| Work instructions |
Restate each entry below word for word, without skipping any.

++++ Data excerpts

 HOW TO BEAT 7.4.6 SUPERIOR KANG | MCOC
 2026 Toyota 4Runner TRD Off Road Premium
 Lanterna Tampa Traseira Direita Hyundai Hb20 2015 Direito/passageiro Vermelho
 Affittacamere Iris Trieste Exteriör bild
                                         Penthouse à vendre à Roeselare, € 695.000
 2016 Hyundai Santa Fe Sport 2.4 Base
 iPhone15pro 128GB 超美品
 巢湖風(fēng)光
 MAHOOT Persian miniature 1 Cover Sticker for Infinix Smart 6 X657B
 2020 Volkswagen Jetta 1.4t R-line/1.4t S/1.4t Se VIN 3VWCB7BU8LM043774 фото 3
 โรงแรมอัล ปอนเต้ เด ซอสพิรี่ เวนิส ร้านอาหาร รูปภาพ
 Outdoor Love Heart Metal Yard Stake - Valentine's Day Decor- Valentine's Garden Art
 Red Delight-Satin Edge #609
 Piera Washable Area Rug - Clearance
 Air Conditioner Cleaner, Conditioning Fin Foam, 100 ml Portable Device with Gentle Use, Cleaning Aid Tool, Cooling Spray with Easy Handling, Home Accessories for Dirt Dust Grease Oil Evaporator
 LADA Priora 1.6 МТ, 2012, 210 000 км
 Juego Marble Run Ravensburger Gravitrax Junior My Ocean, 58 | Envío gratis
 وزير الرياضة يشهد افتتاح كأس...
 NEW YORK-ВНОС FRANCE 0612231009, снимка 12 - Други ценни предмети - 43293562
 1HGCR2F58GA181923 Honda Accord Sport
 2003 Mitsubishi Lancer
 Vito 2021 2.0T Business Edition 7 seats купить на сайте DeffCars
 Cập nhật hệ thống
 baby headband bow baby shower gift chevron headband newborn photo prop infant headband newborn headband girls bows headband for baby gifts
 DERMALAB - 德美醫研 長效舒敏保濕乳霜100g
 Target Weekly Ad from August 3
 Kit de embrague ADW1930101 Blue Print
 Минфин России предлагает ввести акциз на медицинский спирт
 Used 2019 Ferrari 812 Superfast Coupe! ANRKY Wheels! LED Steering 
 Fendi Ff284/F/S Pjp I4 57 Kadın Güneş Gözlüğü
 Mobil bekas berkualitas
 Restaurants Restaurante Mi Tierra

++++++++

| Result of this exercise |
 HOW TO BEAT 7.4.6 SUPERIOR KANG | MCOC
 2026 Toyota 4Runner TRD Off Road Premium
 Lanterna Tampa Traseira Direita Hyundai Hb20 2015 Direito/passageiro Vermelho
 Affittacamere Iris Trieste Exteriör bild
                                         Penthouse à vendre à Roeselare, € 695.000
 2016 Hyundai Santa Fe Sport 2.4 Base
 iPhone15pro 128GB 超美品
 巢湖風(fēng)光
 MAHOOT Persian miniature 1 Cover Sticker for Infinix Smart 6 X657B
 2020 Volkswagen Jetta 1.4t R-line/1.4t S/1.4t Se VIN 3VWCB7BU8LM043774 фото 3
 โรงแรมอัล ปอนเต้ เด ซอสพิรี่ เวนิส ร้านอาหาร รูปภาพ
 Outdoor Love Heart Metal Yard Stake - Valentine's Day Decor- Valentine's Garden Art
 Red Delight-Satin Edge #609
 Piera Washable Area Rug - Clearance
 Air Conditioner Cleaner, Conditioning Fin Foam, 100 ml Portable Device with Gentle Use, Cleaning Aid Tool, Cooling Spray with Easy Handling, Home Accessories for Dirt Dust Grease Oil Evaporator
 LADA Priora 1.6 МТ, 2012, 210 000 км
 Juego Marble Run Ravensburger Gravitrax Junior My Ocean, 58 | Envío gratis
 وزير الرياضة يشهد افتتاح كأس...
 NEW YORK-ВНОС FRANCE 0612231009, снимка 12 - Други ценни предмети - 43293562
 1HGCR2F58GA181923 Honda Accord Sport
 2003 Mitsubishi Lancer
 Vito 2021 2.0T Business Edition 7 seats купить на сайте DeffCars
 Cập nhật hệ thống
 baby headband bow baby shower gift chevron headband newborn photo prop infant headband newborn headband girls bows headband for baby gifts
 DERMALAB - 德美醫研 長效舒敏保濕乳霜100g
 Target Weekly Ad from August 3
 Kit de embrague ADW1930101 Blue Print
 Минфин России предлагает ввести акциз на медицинский спирт
 Used 2019 Ferrari 812 Superfast Coupe! ANRKY Wheels! LED Steering 
 Fendi Ff284/F/S Pjp I4 57 Kadın Güneş Gözlüğü
 Mobil bekas berkualitas
 Restaurants Restaurante Mi Tierra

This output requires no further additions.